[DATA SHOWN]

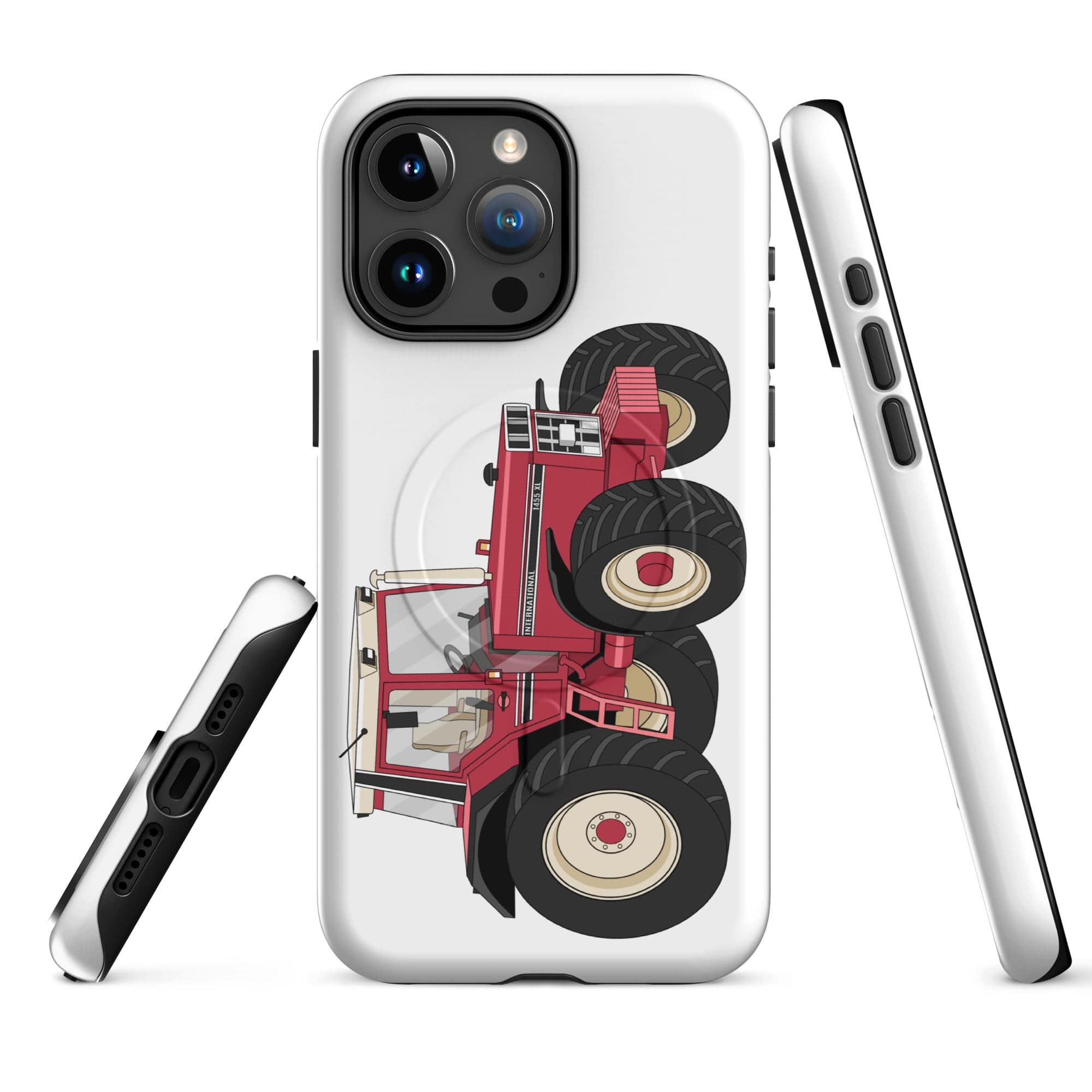 The Tractor Mugs Store iPhone 15 Pro Max Case International 1455 XL | MagSafe® tough case for iPhone® Quality Farmers Merch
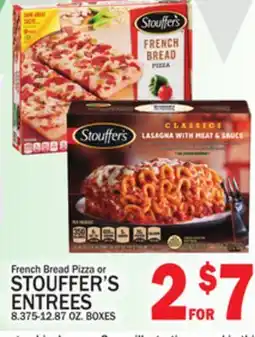 C Town STOUFFER'S ENTREES offer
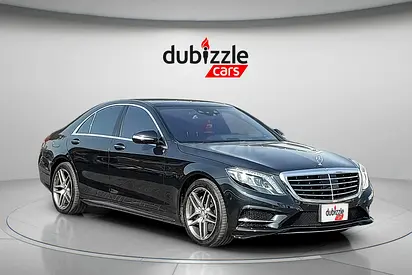 AED 1927/month | 2017 Mercedes-Benz S-Class S 400 h | Japanese Specs | Ref#487391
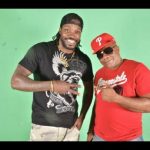 Chris Gayle with his brother, Vanclive 'Father Bulla' Parris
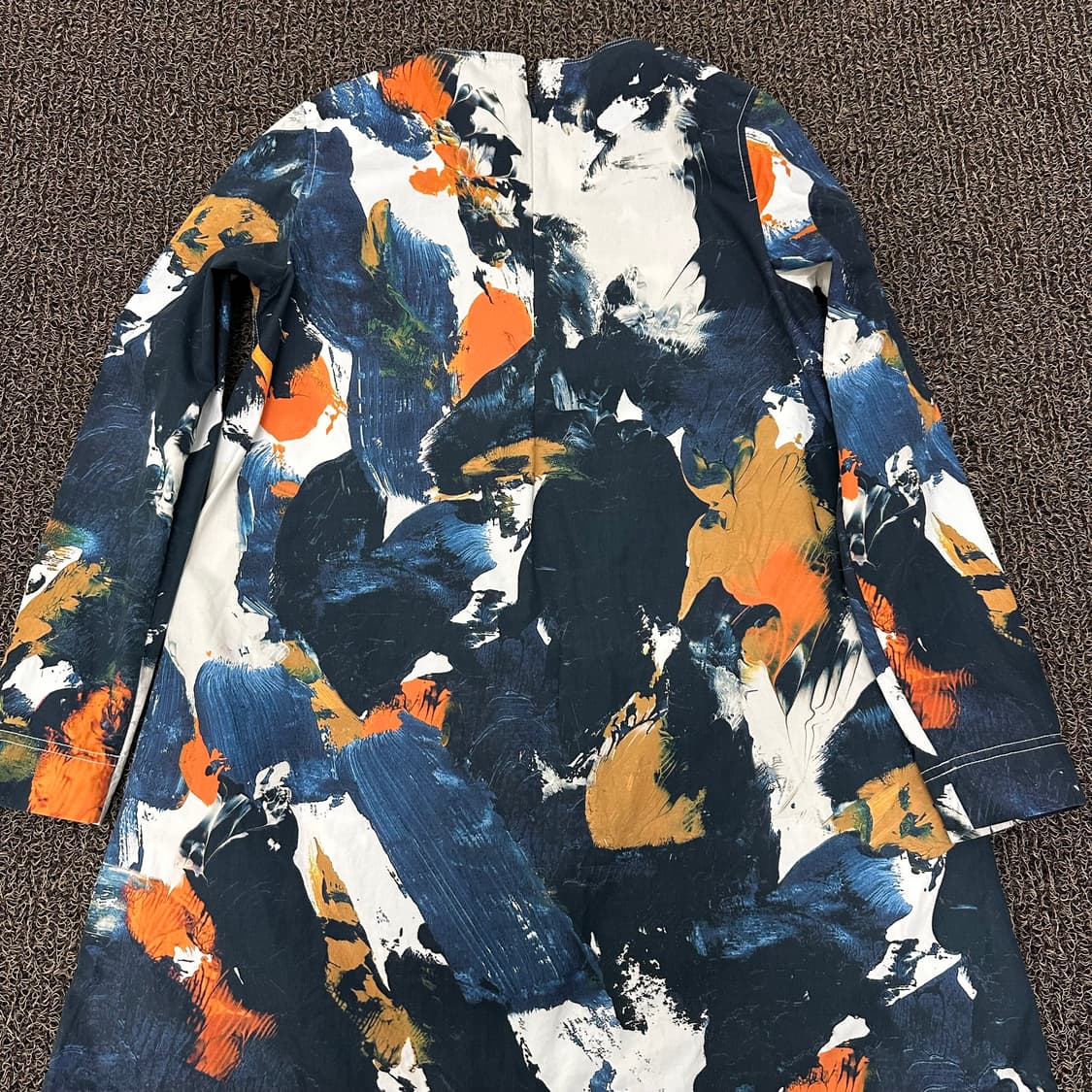 COS 코스 여성 프린트 미니 원피스 34사이즈 상품이미지9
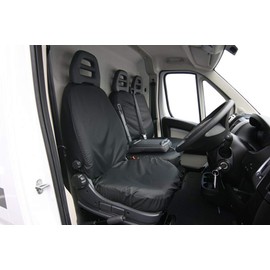 Town & Country Van Seat Cover - Black - Fits: Peugeot Boxer, Citroen Relay & Fiat Ducato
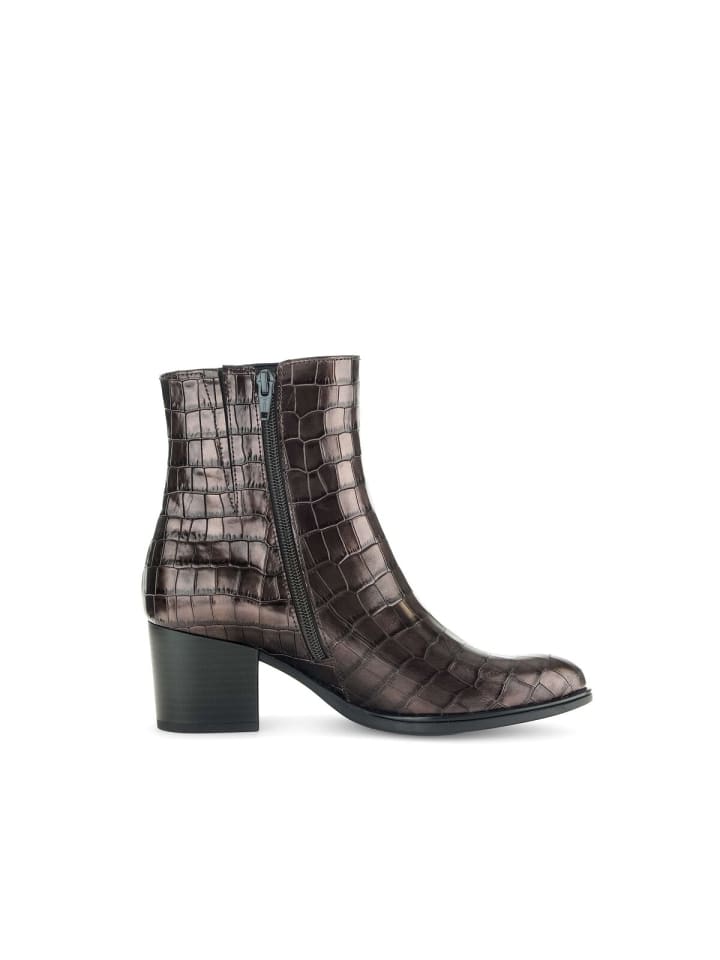 Gabor Comfort Elegante Stiefeletten in bronze günstig kaufen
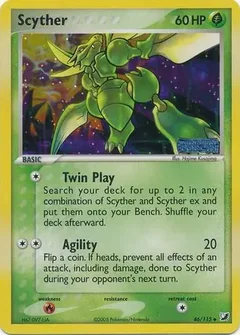 Scyther Reverse Holo 46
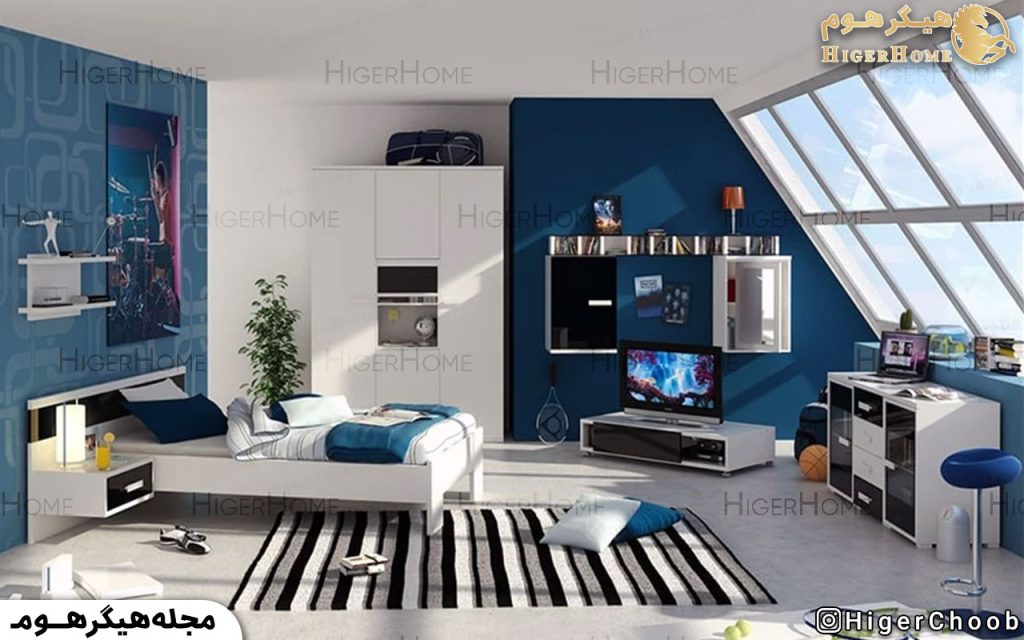 HigerHome.com - سرویس خواب پسرانه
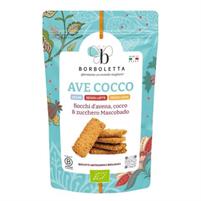 Borboletta Ave Cocco SENZA Latte Senza Uova Vegan gr.200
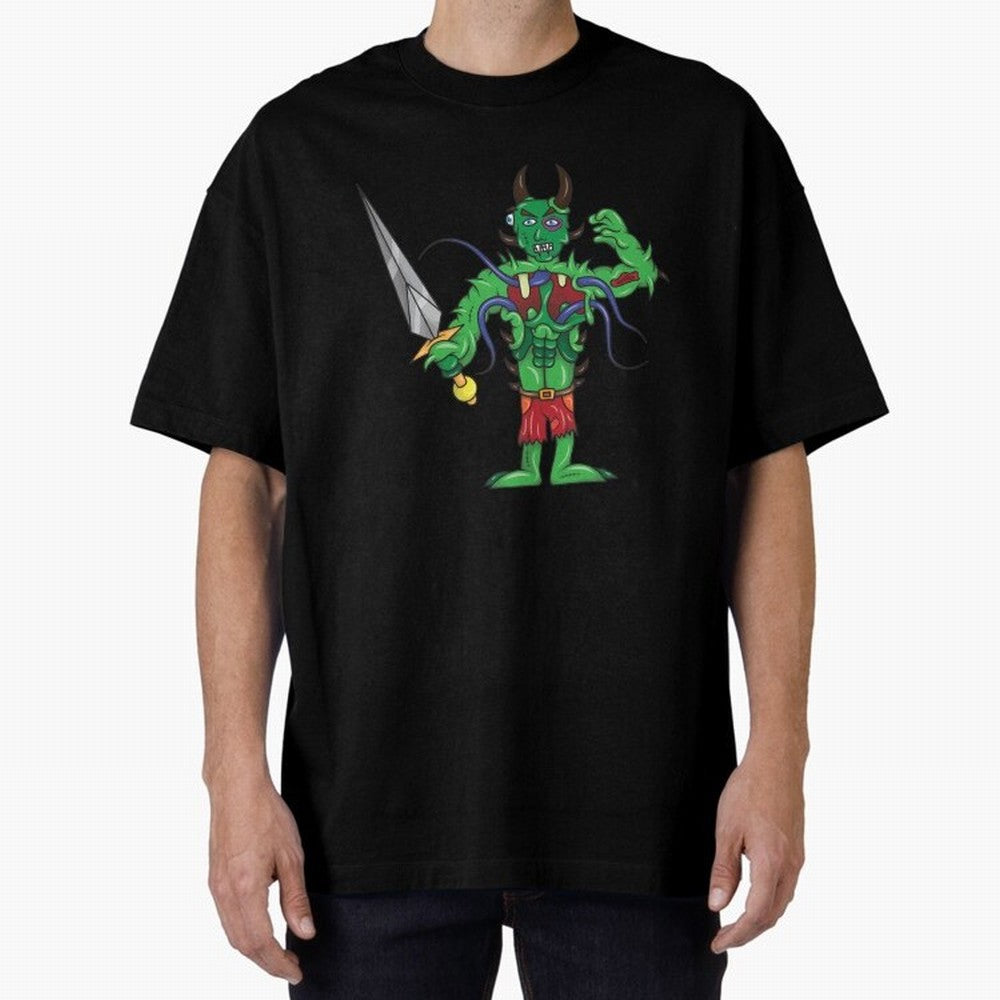 Creature #76A - Messi the Monster Classic T-Shirt Show Match Day Excitement for Global Football Passion for FIFA World Cup 2026 Group Stage, Capturing Haaland and Mbappe, Argentina, France and Brazil, Vintage Soccer Flavor, Modern Football Stars,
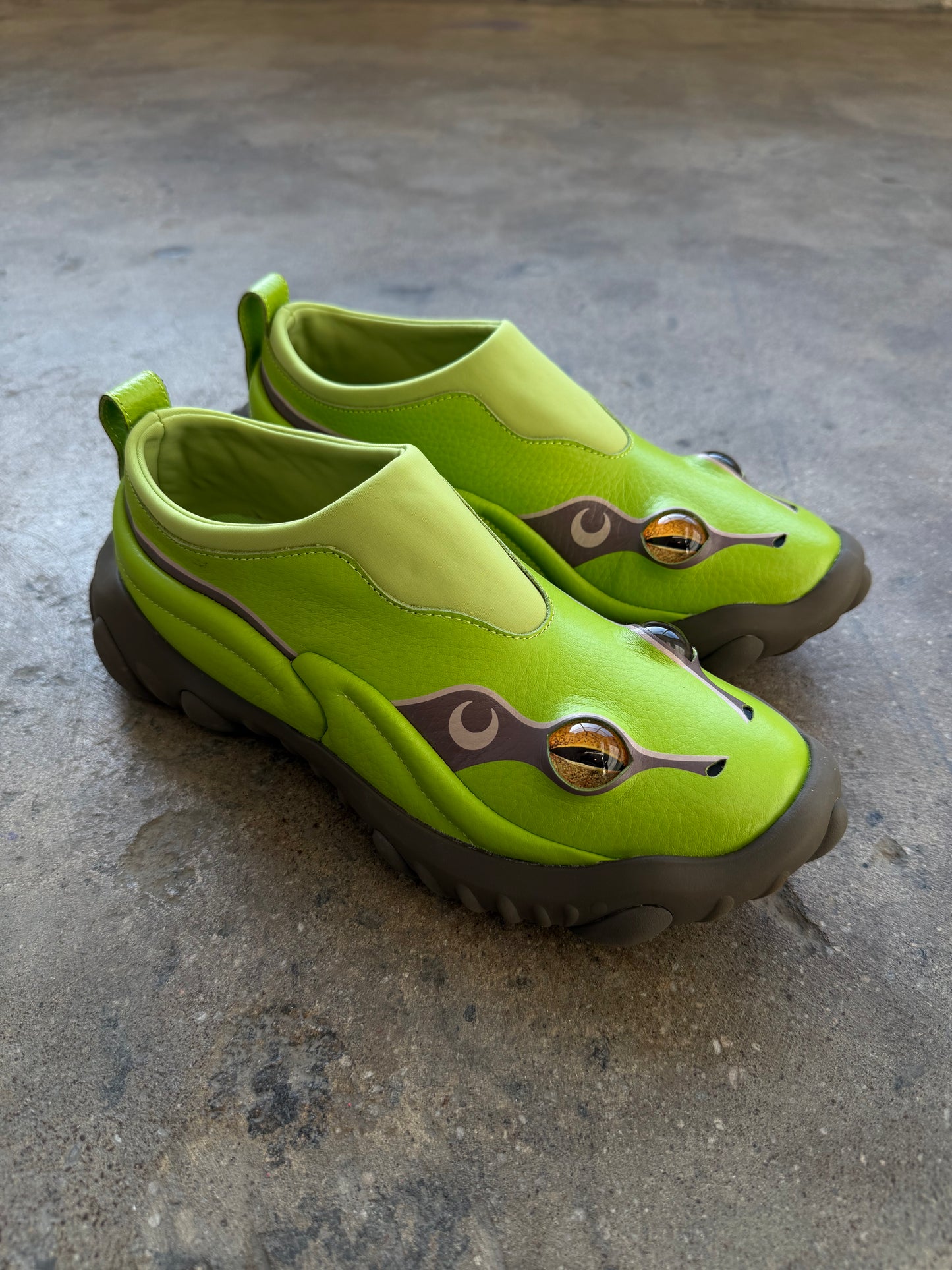 Frog Clog - Green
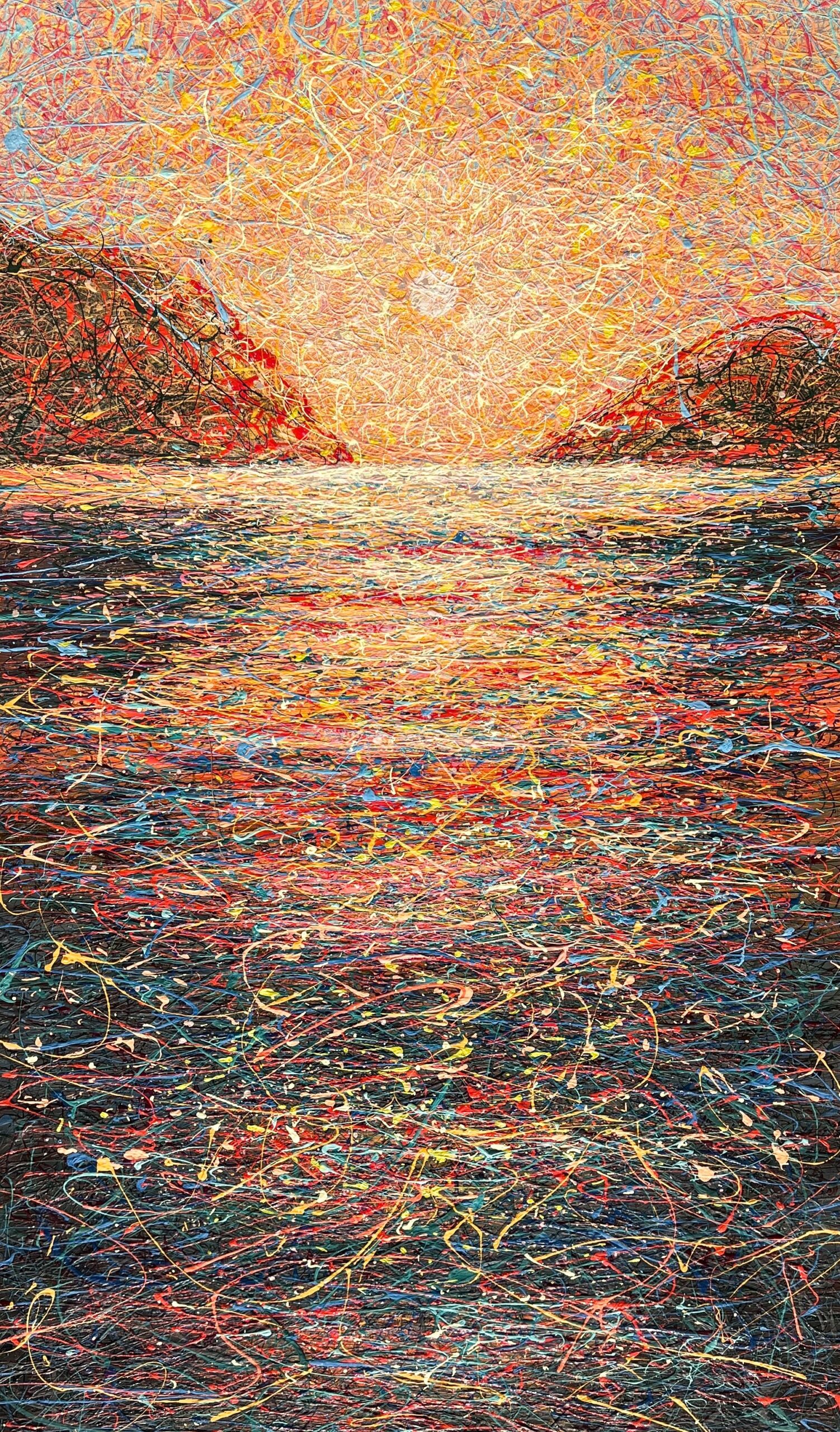 When the Sky Begins to Breathe by Nadin Antoniuk | Buy Original Artwork Online
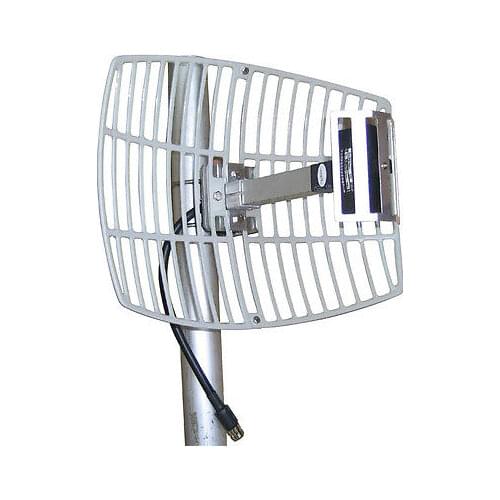 Hot Long Range 17dBi 2.4G WIFI Wireless Grid Parabolic Antenna N Female for 2.4G 2.4Ghz Receiver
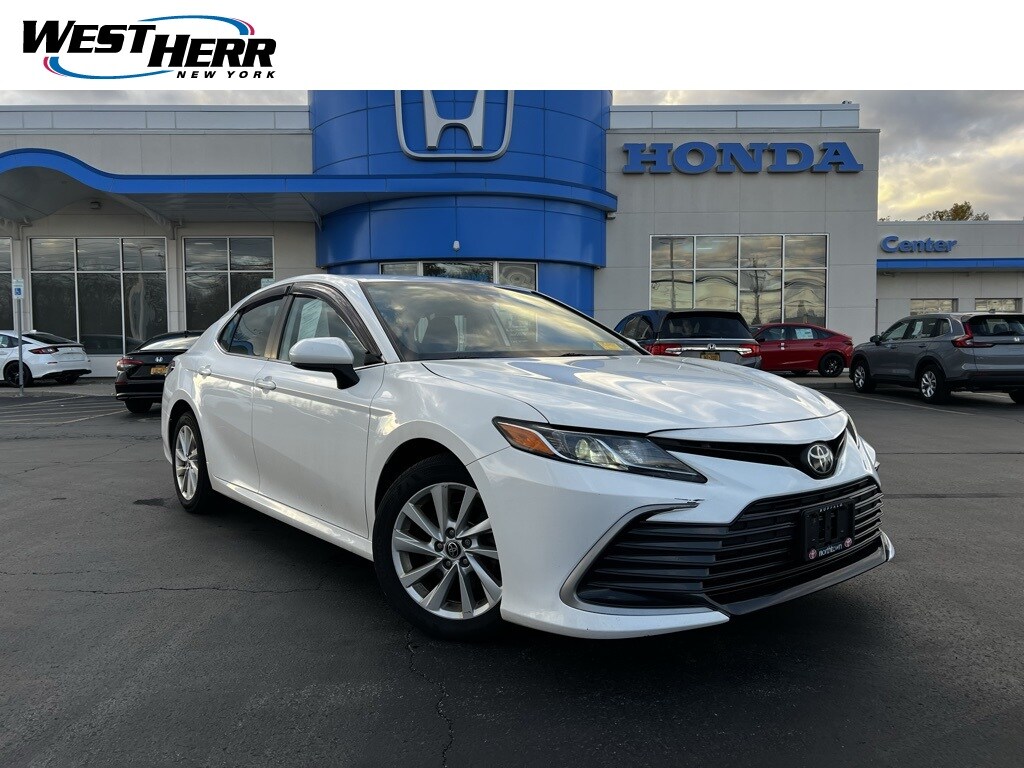 Used 2021 Toyota Camry LE Sedan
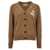 ISABEL MARANT ETOILE 'Karin' cardigan Beige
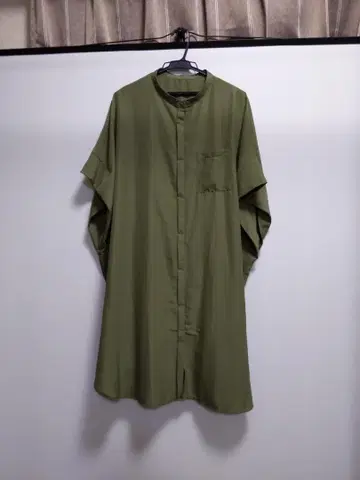 사라키레 판초 카키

[/DATA SHOWN]

TASK REQUIREMENTS: When you find the line that contains "Hot Long Range", retype it and every line after it through the end of the data above, exactly, with no pictures.

WRITTEN REPLY:
 Hot Long Range 17dBi 2.4G WIFI Wireless Grid Parabolic Antenna N Female for 2.4G 2.4Ghz Receiver
 Used 2021 Toyota Camry LE Sedan
 ISABEL MARANT ETOILE 'Karin' cardigan Beige
 사라키레 판초 카키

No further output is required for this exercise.